## WHAT TO PRODUCE
Would you output the entries below only from the line containing "エントランスはオートロック仕様です。" through the line containing "Gubernur Arinal Serahkan", exactly as they stand and with both ends included?

## ENTRIES SUPPLIED
>>
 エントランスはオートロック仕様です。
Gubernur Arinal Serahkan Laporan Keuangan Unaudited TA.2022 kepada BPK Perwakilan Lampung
<<
>>
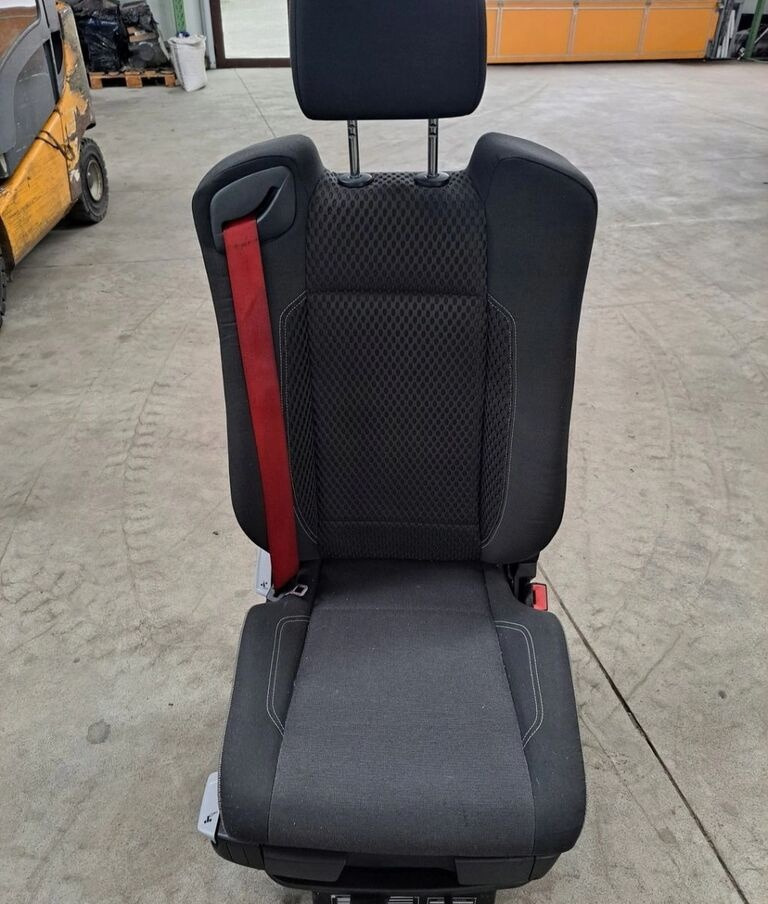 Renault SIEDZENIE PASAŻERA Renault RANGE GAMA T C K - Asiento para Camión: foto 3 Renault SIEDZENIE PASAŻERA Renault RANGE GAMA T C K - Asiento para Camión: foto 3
<<
## SOLUTION FOR THIS TASK
 エントランスはオートロック仕様です。
Gubernur Arinal Serahkan Laporan Keuangan Unaudited TA.2022 kepada BPK Perwakilan Lampung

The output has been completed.